[Collected data entries]
----------------------------------------

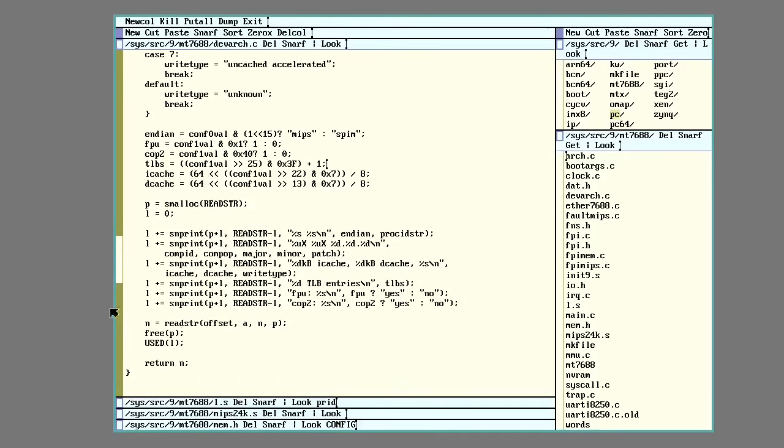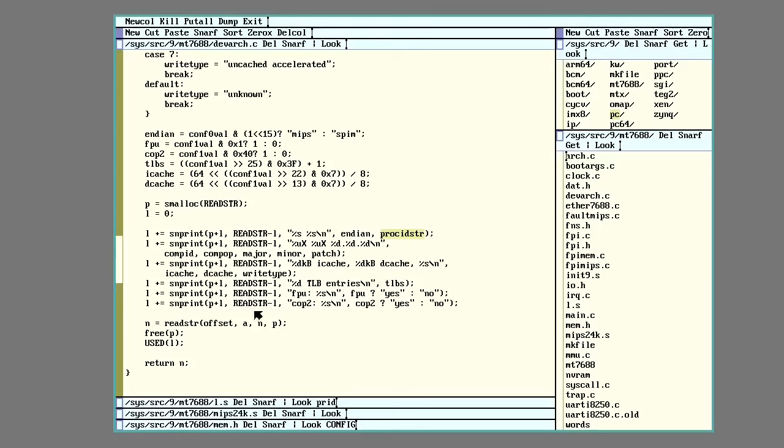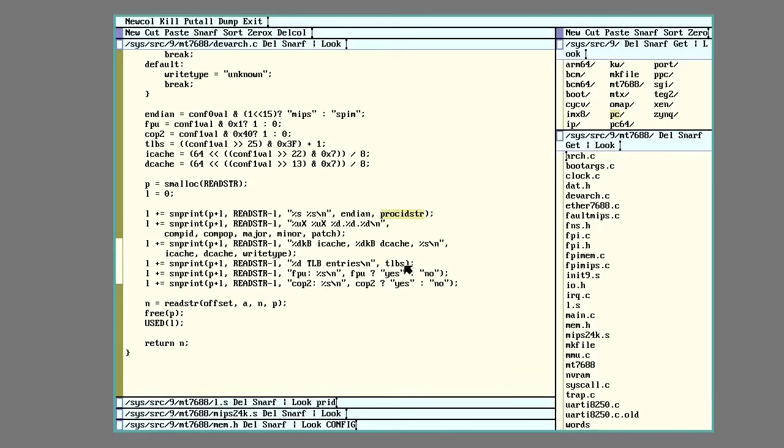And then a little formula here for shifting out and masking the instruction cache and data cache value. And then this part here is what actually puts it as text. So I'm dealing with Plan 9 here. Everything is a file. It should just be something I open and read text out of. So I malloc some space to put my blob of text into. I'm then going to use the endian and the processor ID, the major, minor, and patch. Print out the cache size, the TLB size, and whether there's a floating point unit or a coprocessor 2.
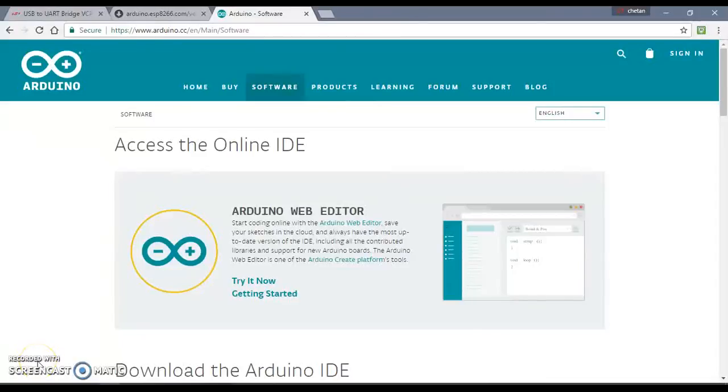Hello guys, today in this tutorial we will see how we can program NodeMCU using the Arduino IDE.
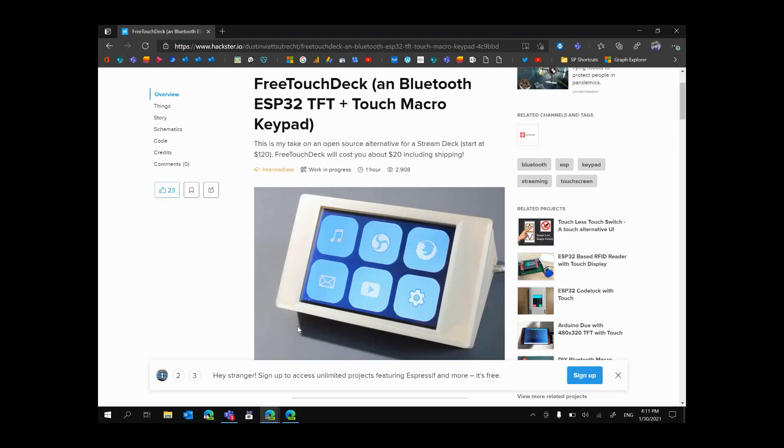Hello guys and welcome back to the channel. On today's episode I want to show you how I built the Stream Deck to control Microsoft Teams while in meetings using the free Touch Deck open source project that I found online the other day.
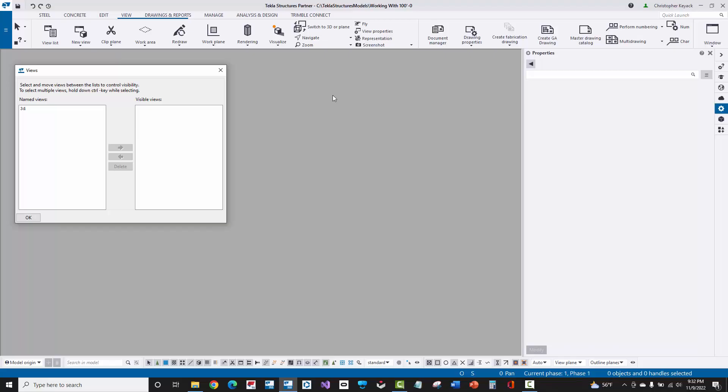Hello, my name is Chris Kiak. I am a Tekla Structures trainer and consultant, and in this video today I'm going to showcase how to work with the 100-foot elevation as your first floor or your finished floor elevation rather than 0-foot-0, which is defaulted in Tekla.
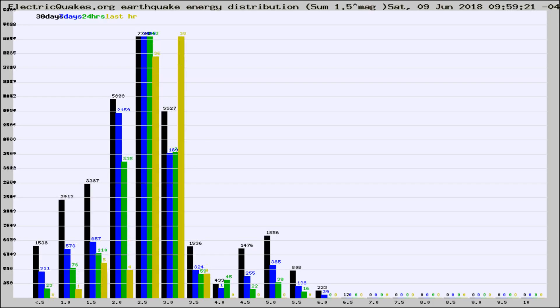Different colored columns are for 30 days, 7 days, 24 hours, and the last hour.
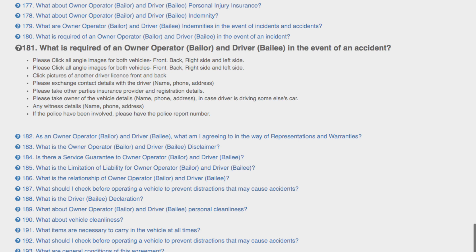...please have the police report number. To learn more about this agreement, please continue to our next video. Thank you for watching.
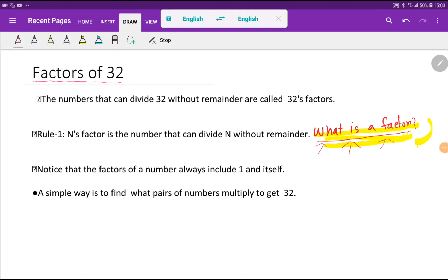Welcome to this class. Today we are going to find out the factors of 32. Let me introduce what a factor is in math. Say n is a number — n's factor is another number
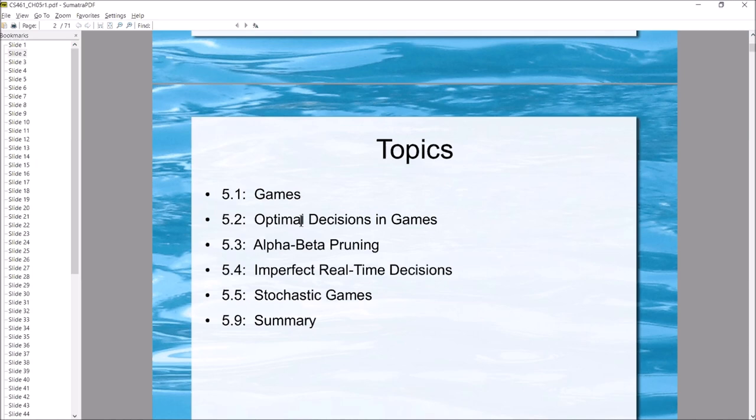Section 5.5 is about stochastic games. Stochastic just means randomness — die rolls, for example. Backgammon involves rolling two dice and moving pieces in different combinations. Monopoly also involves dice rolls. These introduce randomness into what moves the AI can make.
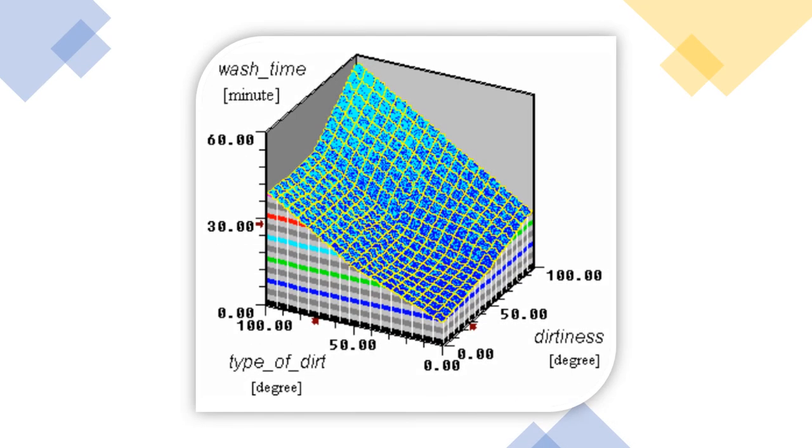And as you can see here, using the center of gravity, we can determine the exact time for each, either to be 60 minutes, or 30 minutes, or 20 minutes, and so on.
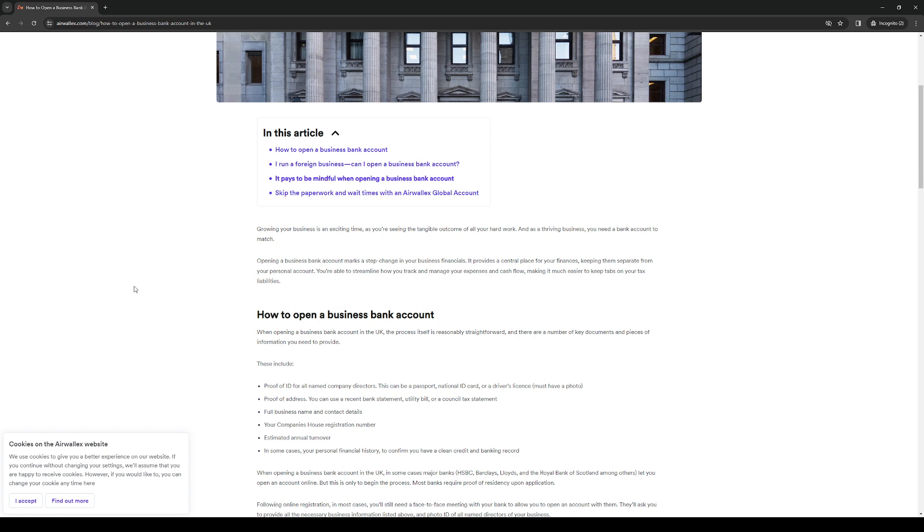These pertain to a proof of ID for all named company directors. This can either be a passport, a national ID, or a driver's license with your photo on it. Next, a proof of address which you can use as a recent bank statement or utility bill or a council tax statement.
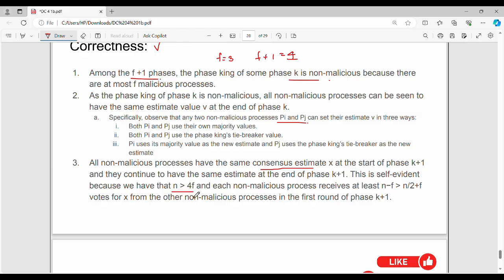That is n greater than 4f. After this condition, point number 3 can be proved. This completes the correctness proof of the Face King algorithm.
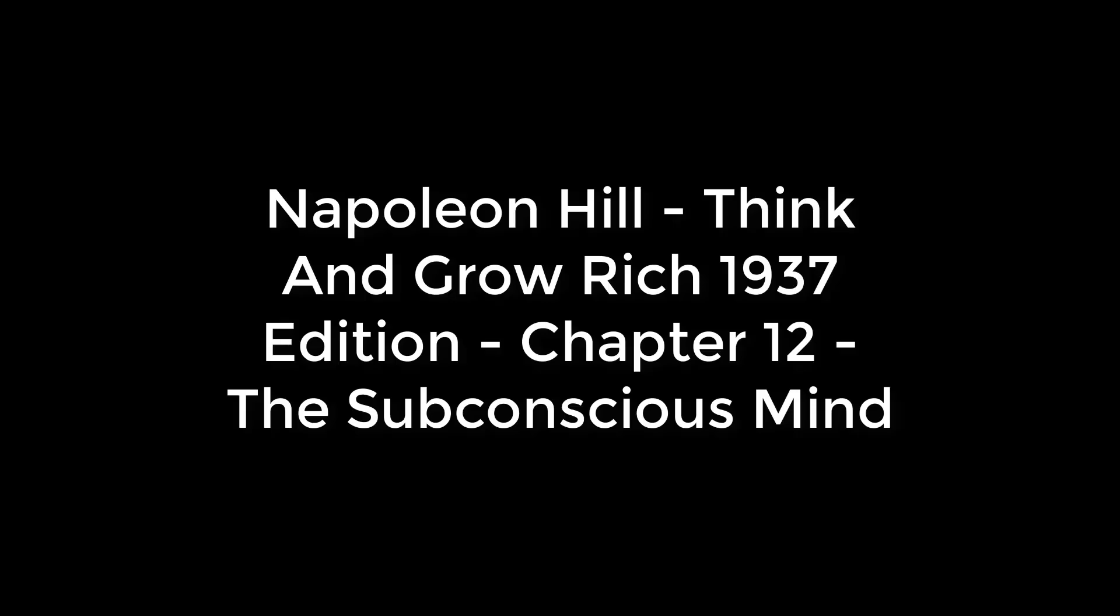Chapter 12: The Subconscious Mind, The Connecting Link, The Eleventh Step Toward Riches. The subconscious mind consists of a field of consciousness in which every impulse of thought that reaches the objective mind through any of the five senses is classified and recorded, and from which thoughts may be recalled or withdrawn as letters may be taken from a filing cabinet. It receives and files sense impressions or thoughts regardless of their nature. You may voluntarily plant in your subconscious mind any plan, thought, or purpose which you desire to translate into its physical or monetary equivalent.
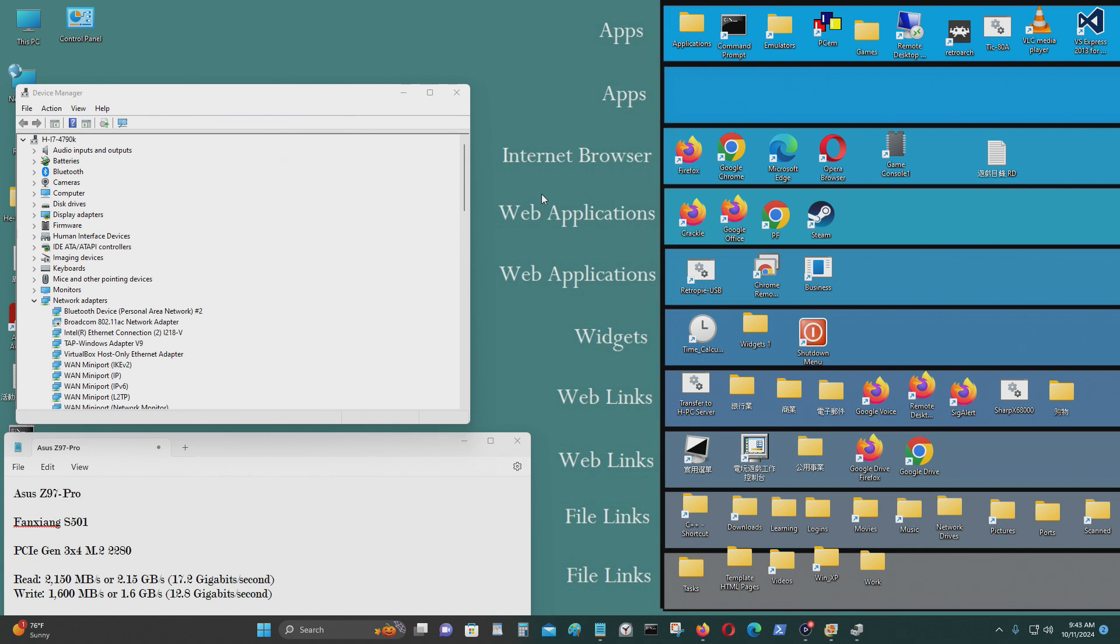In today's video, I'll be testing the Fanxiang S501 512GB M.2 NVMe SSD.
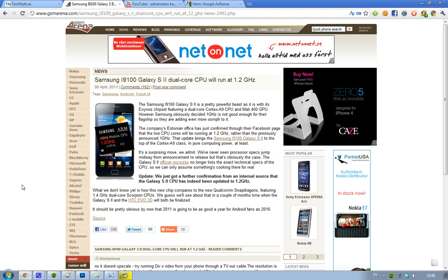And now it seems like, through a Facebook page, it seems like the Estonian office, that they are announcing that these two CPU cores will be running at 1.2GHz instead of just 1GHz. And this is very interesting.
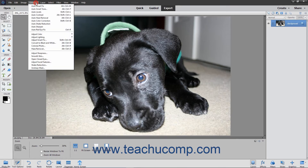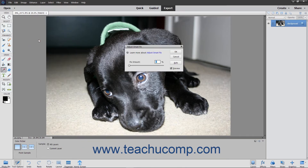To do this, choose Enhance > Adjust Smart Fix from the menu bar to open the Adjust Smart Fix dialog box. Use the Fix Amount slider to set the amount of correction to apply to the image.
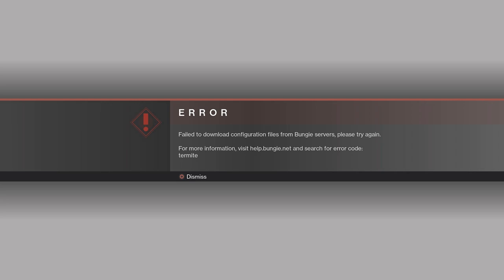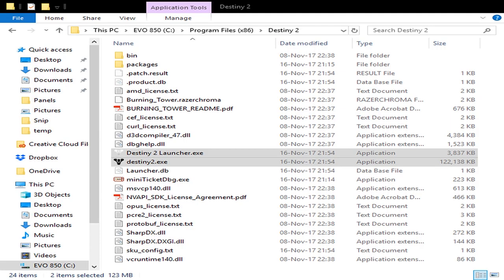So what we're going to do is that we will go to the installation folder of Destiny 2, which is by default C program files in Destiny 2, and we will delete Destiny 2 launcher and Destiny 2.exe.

----------------------------------------

**Problem to solve**
Extract precisely the lines beginning at the line containing "And now it seems" and ending at the last line of the entries above, exactly as written and with no pictures.

**Response to this task**
And now it seems like, through a Facebook page, it seems like the Estonian office, that they are announcing that these two CPU cores will be running at 1.2GHz instead of just 1GHz. And this is very interesting.
To do this, choose Enhance > Adjust Smart Fix from the menu bar to open the Adjust Smart Fix dialog box. Use the Fix Amount slider to set the amount of correction to apply to the image.
So what we're going to do is that we will go to the installation folder of Destiny 2, which is by default C program files in Destiny 2, and we will delete Destiny 2 launcher and Destiny 2.exe.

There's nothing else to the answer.